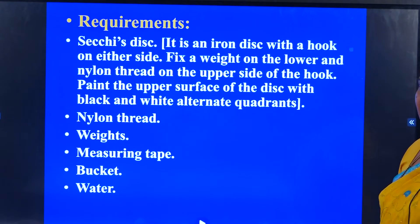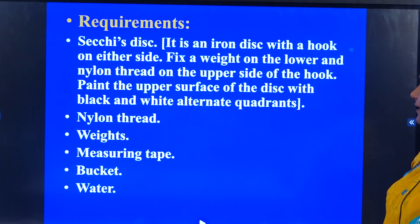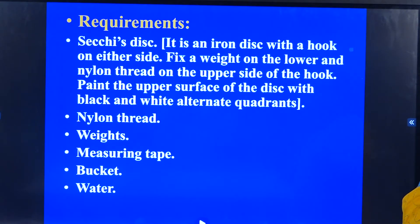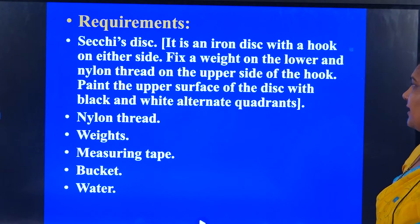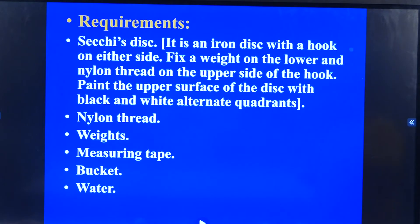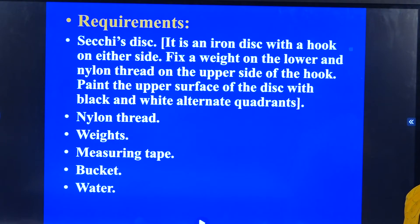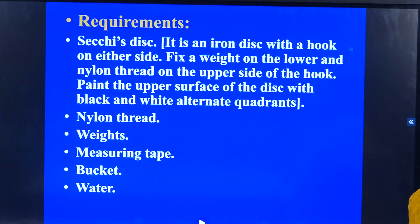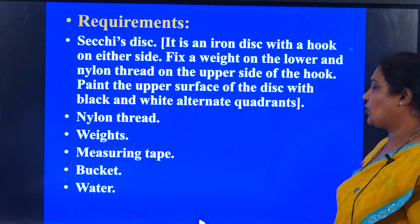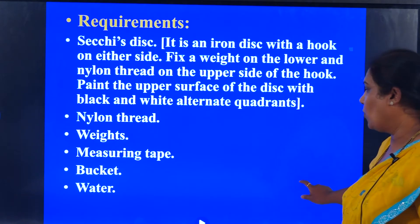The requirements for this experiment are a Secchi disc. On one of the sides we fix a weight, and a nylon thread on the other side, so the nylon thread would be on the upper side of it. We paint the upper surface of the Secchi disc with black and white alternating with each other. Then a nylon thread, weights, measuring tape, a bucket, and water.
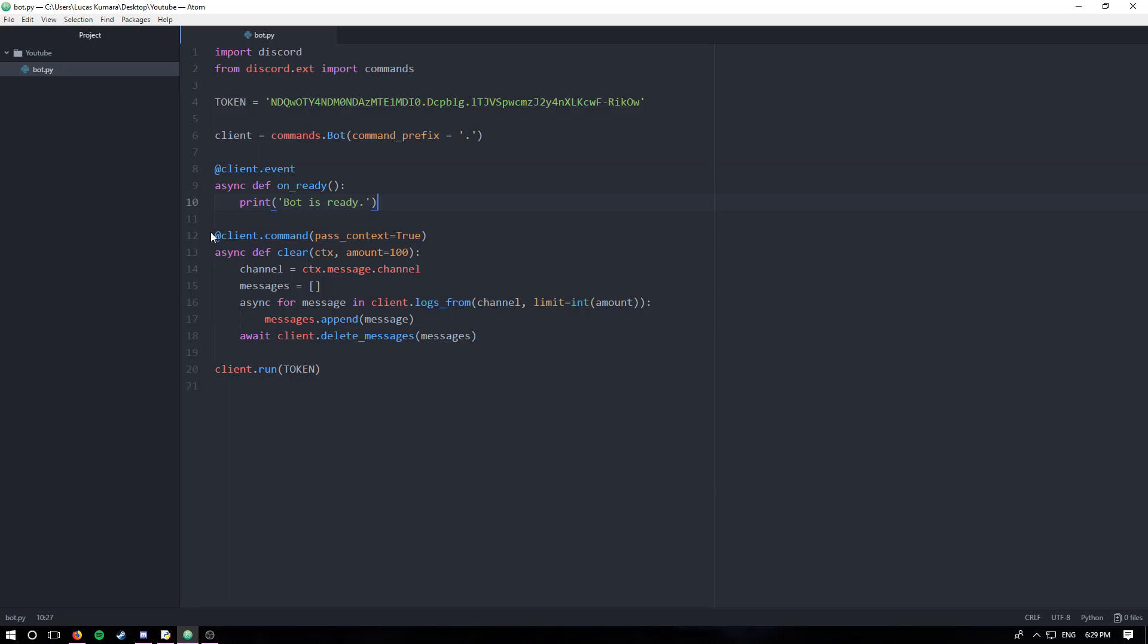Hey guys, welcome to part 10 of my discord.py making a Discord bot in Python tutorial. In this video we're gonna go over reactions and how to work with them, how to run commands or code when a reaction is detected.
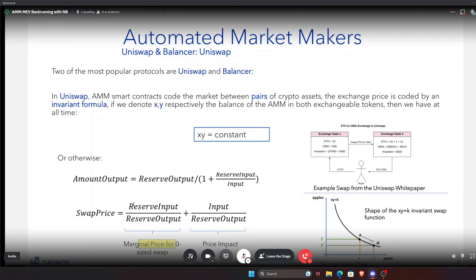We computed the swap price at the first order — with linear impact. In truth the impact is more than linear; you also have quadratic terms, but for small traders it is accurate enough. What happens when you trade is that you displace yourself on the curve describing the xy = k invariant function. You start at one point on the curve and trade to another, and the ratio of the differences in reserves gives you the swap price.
──────
* _Work order_: Apart from its pictures, the data is to be repeated exactly.

* _Exercise result_:
The requirements for this experiment are a Secchi disc. On one of the sides we fix a weight, and a nylon thread on the other side, so the nylon thread would be on the upper side of it. We paint the upper surface of the Secchi disc with black and white alternating with each other. Then a nylon thread, weights, measuring tape, a bucket, and water.
Hey guys, welcome to part 10 of my discord.py making a Discord bot in Python tutorial. In this video we're gonna go over reactions and how to work with them, how to run commands or code when a reaction is detected.
We computed the swap price at the first order — with linear impact. In truth the impact is more than linear; you also have quadratic terms, but for small traders it is accurate enough. What happens when you trade is that you displace yourself on the curve describing the xy = k invariant function. You start at one point on the curve and trade to another, and the ratio of the differences in reserves gives you the swap price.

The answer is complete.